Gesucht wurde in der Studie nach Stellschrauben, sogenannten „Moderatoren“, die die Persönlichkeitsentwicklung zu weltoffenen Akademikerinnen und Akademikern unterstützen und fördern. Welche sind das?
Kontakte mit anderen Menschen spielen eine große Rolle. Interessant ist, dass es nicht entscheidend ist, ob es sich dabei um Angehörige des Gastlandes oder andere internationale Studierende handelt. Beides berücksichtigen die Erasmus-Programme. Entscheidend ist, wie häufig und wie intensiv der Austausch ist – und ob die Studierenden diesen als positiv erleben.
Was bedeuten diese Erkenntnisse für Ihre Zusammenarbeit mit den Hochschulen?
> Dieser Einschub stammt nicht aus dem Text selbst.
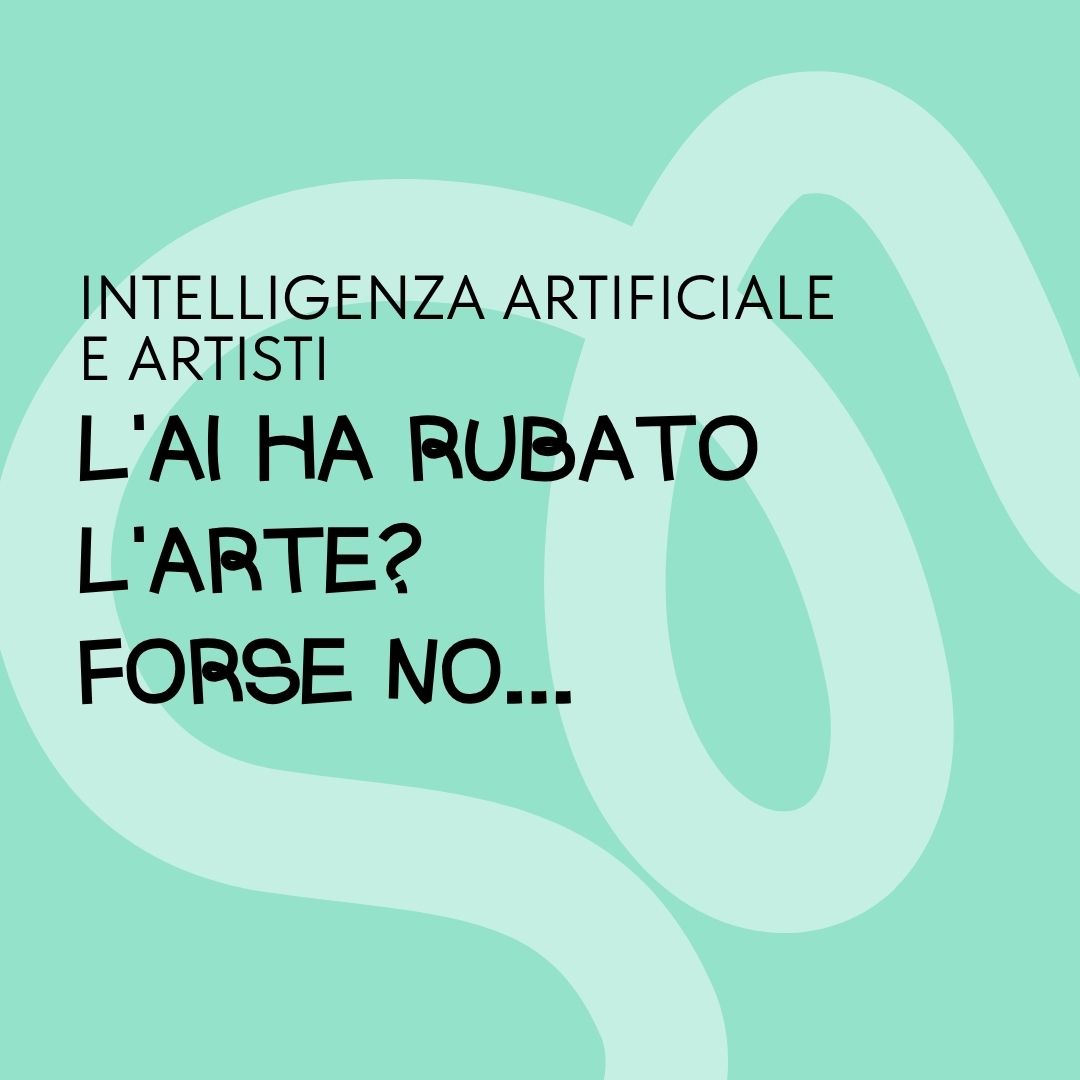 Intelligenza artificiale e artisti. L'AI ha ucciso l'arte! Forse no... Strategie di business per artisti, lavorare come artista indipendente
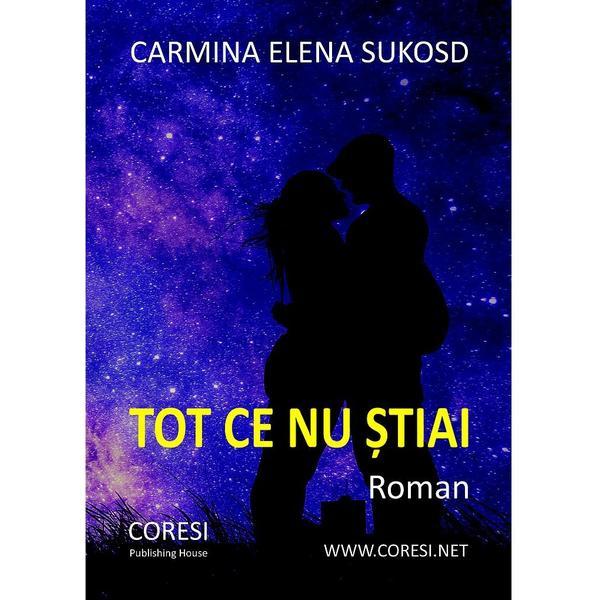 Tot ce nu stiai - Carmina Elena Sukosd, editura Coresi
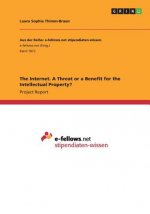 Internet. A Threat or a Benefit for the Intellectual Property?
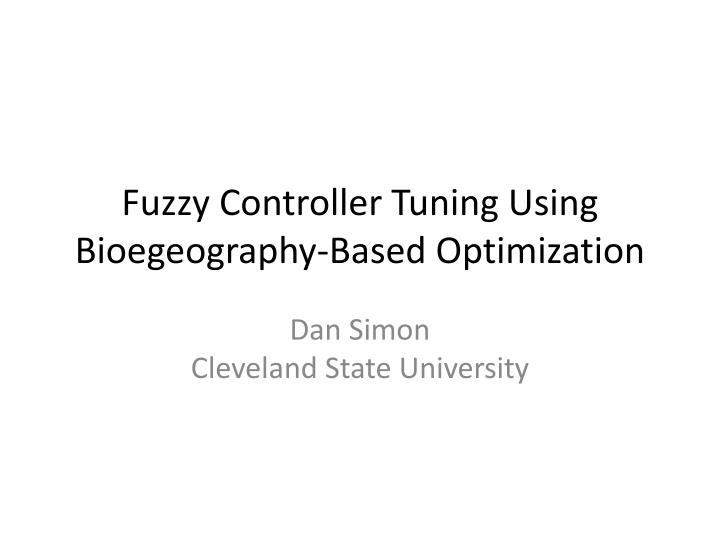 fuzzy controller tuning using bioegeography based optimization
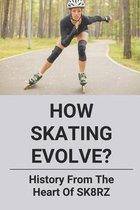 How Skating Evolve?: History From The Heart Of SK8RZ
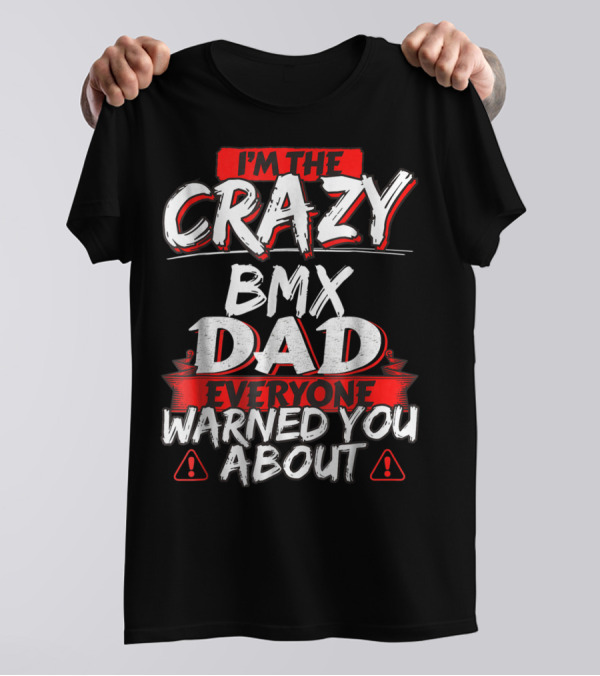 I'm The Crazy BMX Dad Everyone Warned You About T-Shirt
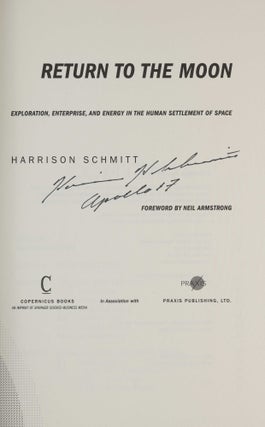 Return to the Moon - Exploration, Enterprise, and Energy in the Human Settlement of Space.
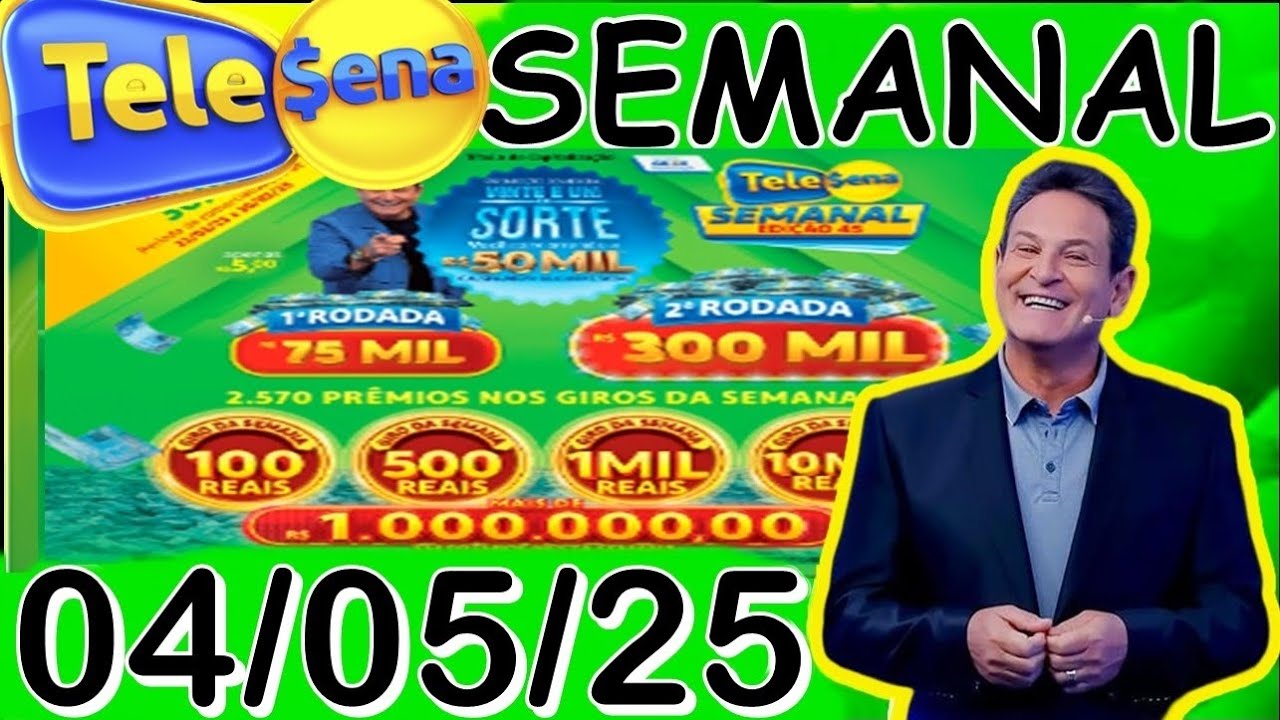 Tele Sena Semanal 🍀 Resultado dia 04/05/25 💰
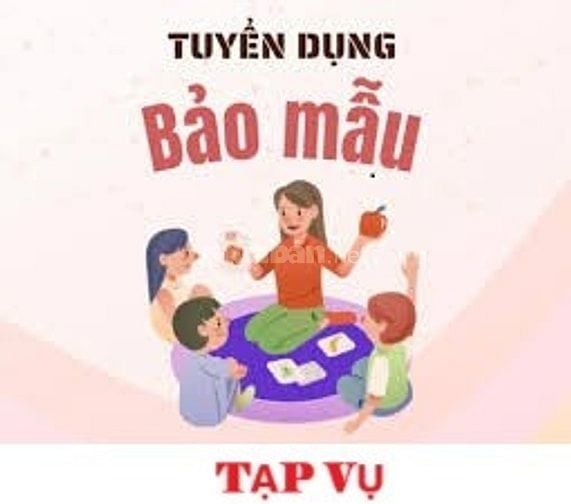 Trường Mầm Non Học Viện Thiên Thần Nhỏ cần tuyển: 2 BẢO MẪU, 1 TẠP VỤ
Das wird uns in den kommenden Monaten und Jahren noch gemeinsam beschäftigen – etwa die Frage, ob es eine strukturierte Vor- und Nachbereitung der Auslandsaufenthalte gibt, ob die Hochschulen ein Interesse daran haben, die Wirkungen von Auslandsaufenthalten selbst zu messen, zu fördern, zu verstärken – und ob man Ergebnisse für die Studierenden nutzbar macht, etwa bei Bewerbungen. Das sind Aspekte, die in der zweiten Teilstudie beleuchtet wurden – per Online-Abfrage unter zentralen Einrichtungen und Projektverantwortlichen an den Hochschulen als auch über Workshops mit Stakeholdern.
Hier gaben zwei Drittel der Befragten an, dass die Ziele der Pariser Deklaration keine Rolle in ihrer Arbeit spielen oder aber überhaupt nicht bekannt sind. Was sagt uns das?
Ich würde sagen, das ist auch eine Frage der Sichtweise. Auch wenn Verantwortliche die Deklaration oder deren Ziele nicht genau kennen, heißt das nicht zwangsläufig, dass sie die Ziele nicht dennoch in den Programmen umsetzen. Wenn ein Drittel die Deklaration und ihre Ziele kennt, finde ich das schon eine ganze Menge.
Ein Großteil der Befragten wünscht sich von Hochschulleitungen, Lehrenden und Studierenden mehr Motivation für das Thema Auslandsaufenthalte.
Diese Frage ist nicht allein durch Hochschulen zu lösen. Wenn junge Menschen von der Schule an die Hochschulen kommen, sind sie mit vielen Anforderungen konfrontiert, da steht ein Auslandsaufenthalt nicht gerade an erster Stelle. Damit die Entscheidung hierfür positiv ausfällt, sollte man früher ansetzen. Das führt uns wieder zum Thema Lehrerbildung: Was können wir schon viel früher, etwa in der Schule, mit auf den Weg geben? Das Ziel sollte sein, ohne Druck auf Angebote aufmerksam zu machen. Und Studien belegen: Wer schon in der Schulzeit im Ausland war, geht auch später eher erneut. Es gibt im Übrigen auch Hochschulen und Studiengänge, an denen ein Auslandsaufenthalt verpflichtend ist.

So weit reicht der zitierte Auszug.